Em poucos momentos a disputa pela atenção fica tão evidente quanto durante um período eleitoral. Em 2026, candidatos, partidos, veículos de comunicação, influenciadores e eleitores dividem o mesmo espaço digital, produzindo um volume enorme de conteúdos, opiniões, cortes, memes e discussões. Para quem trabalha com marketing, observar esse movimento é também observar um grande laboratório de comunicação acontecendo em tempo real.
E não é preciso entrar no mérito político para perceber isso. Uma campanha eleitoral enfrenta um desafio muito parecido com o de qualquer marca: ser reconhecida em um ambiente saturado de mensagens. Não basta aparecer. É preciso fazer com que determinada ideia seja associada rapidamente a quem a comunica.
É por isso que posicionamento ganha tanta importância. Campanhas que tentam falar sobre tudo correm o risco de não serem lembradas por nada. Quando existe uma mensagem central clara, ela começa a orientar discursos, conteúdos, entrevistas, identidade visual e até a escolha dos assuntos nos quais vale a pena entrar. No marketing, acontece o mesmo. Uma marca pode publicar todos os dias e ainda assim ocupar pouco espaço na mente do consumidor se não houver clareza sobre aquilo que deseja representar.

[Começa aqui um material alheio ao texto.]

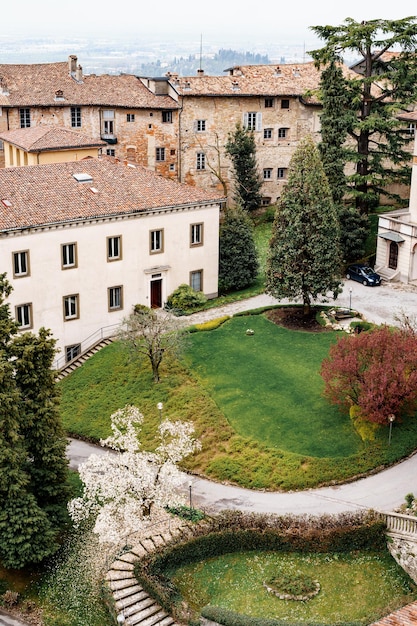 Grünes Blumenbeet mit Bäumen im Innenhof eines alten Hauses in Bergamo Draufsicht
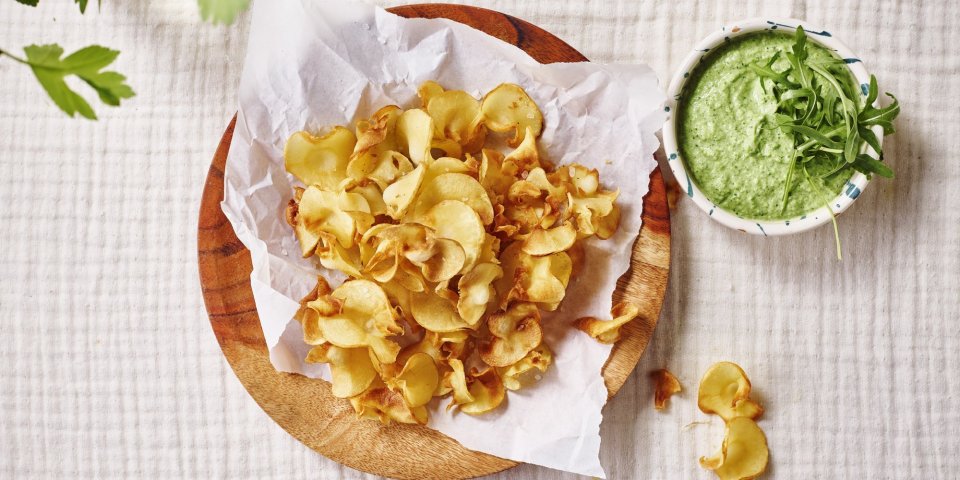 Op tafel ligt een kalkwit tafelkleed, met hierop een houten bordje met wit boterpapiertje en chips van pastinaak op. Er staat een dippotje langs met de dip van broccoli en roomkaas. 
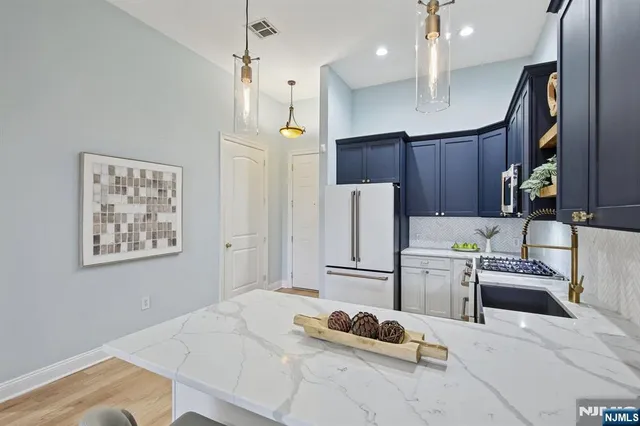 a kitchen with stainless steel appliances kitchen island granite countertop a refrigerator stove and sink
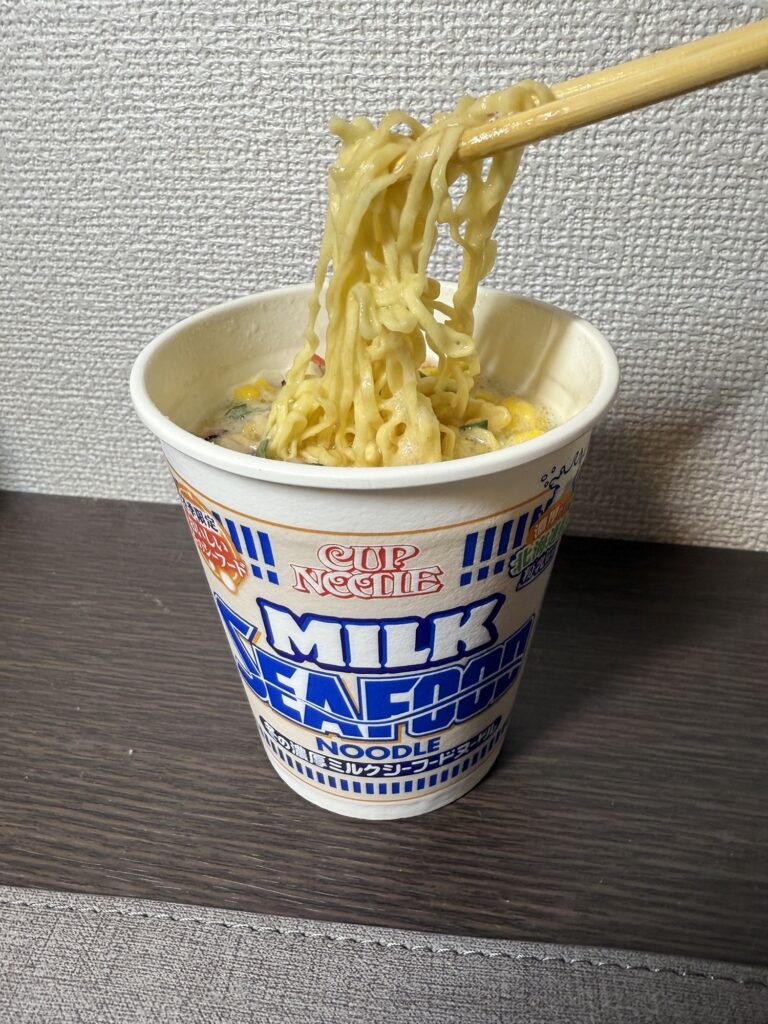 カップヌードル冬の濃厚ミルクシーフードヌードルを箸で持ち上げた写真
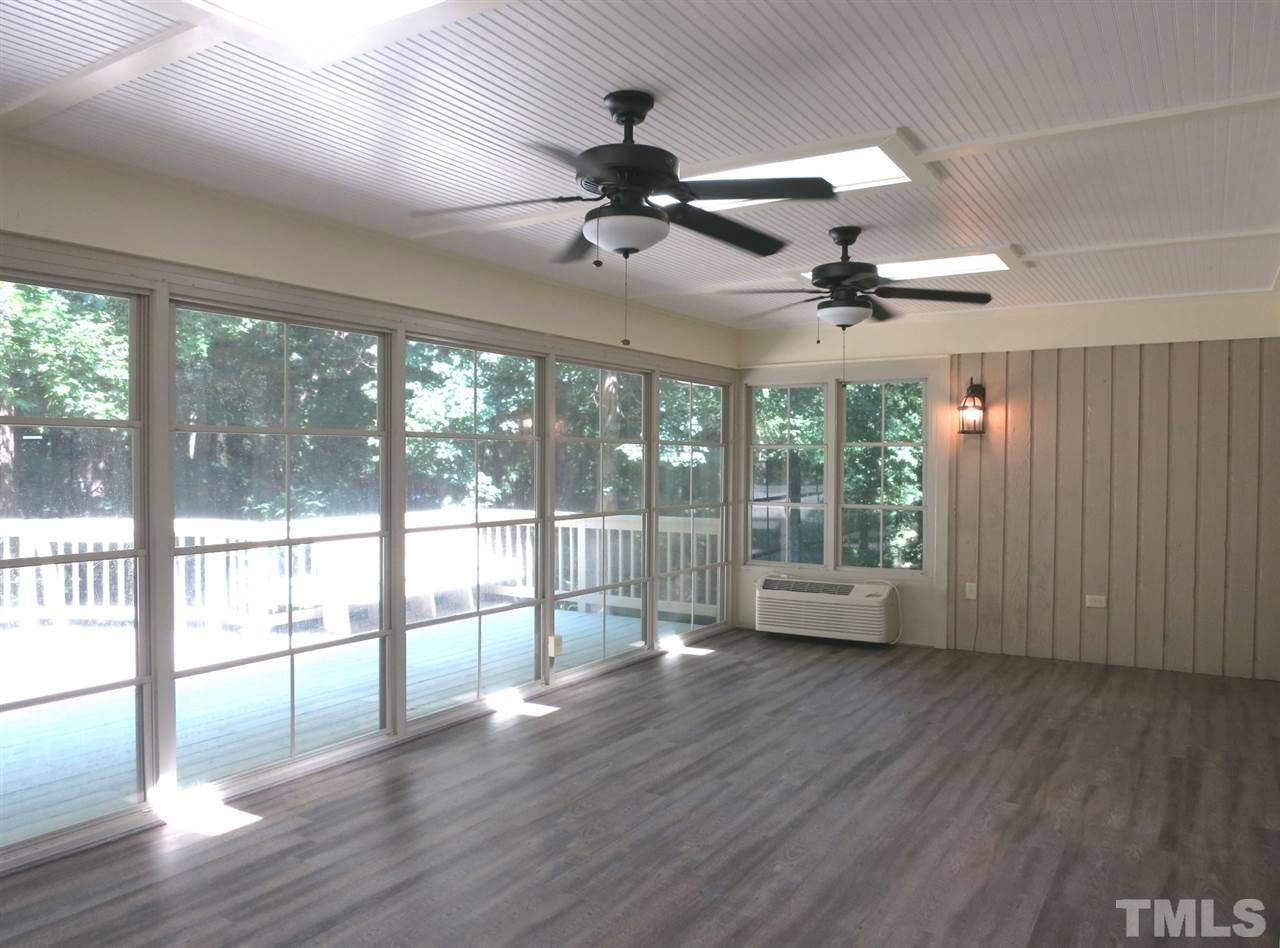 9209 Litchford Road Raleigh, NC 27615 - Photo 11 of 25 a view of an empty room with wooden floor and a window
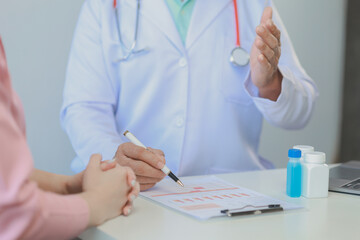 The doctor is giving advice and recommending health care methods to the patient in a friendly way, The doctor and the patient are discussing the process of future treatment.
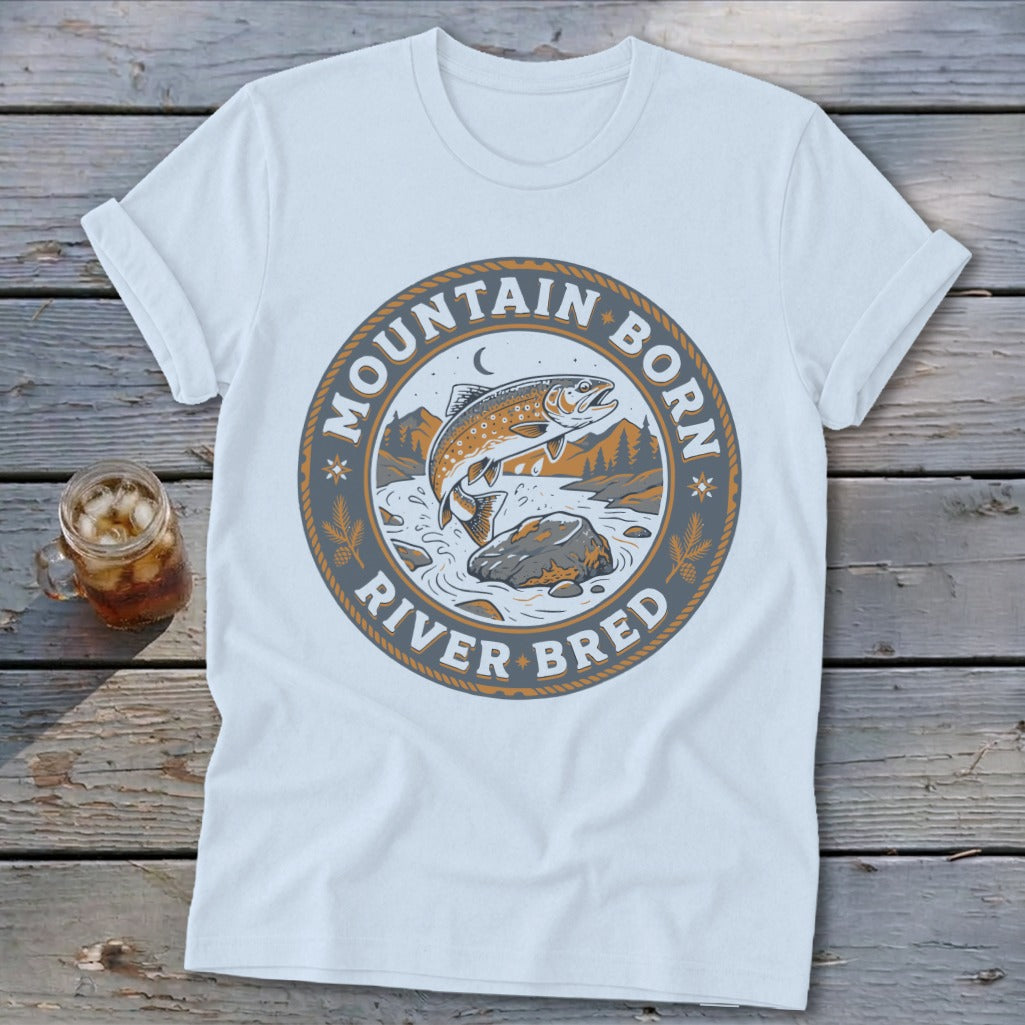 White t-shirt with "Mountain Born River Bred" text and a jumping trout graphic.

A repetição também ajuda a entender esse processo. Durante as eleições, determinadas frases, temas, cores e ideias aparecem tantas vezes que rapidamente passam a ser associadas a um candidato. No ambiente das marcas, muitas empresas evitam repetir uma mensagem por acreditarem que o público já cansou dela. Só que existe uma diferença enorme entre repetição sem propósito e consistência. Enquanto quem trabalha diariamente com uma marca está exposto àquela comunicação o tempo inteiro, o consumidor recebe apenas uma pequena parcela dela entre centenas de outros estímulos.
As eleições de 2026 também evidenciam uma transformação importante na forma como as mensagens circulam. Uma fala criada para um debate pode virar um corte de poucos segundos. Um trecho de entrevista pode se transformar em meme. Um acontecimento pode gerar milhares de conteúdos produzidos por pessoas que sequer fazem parte oficialmente de uma campanha. A mensagem deixa de pertencer exclusivamente a quem a publicou.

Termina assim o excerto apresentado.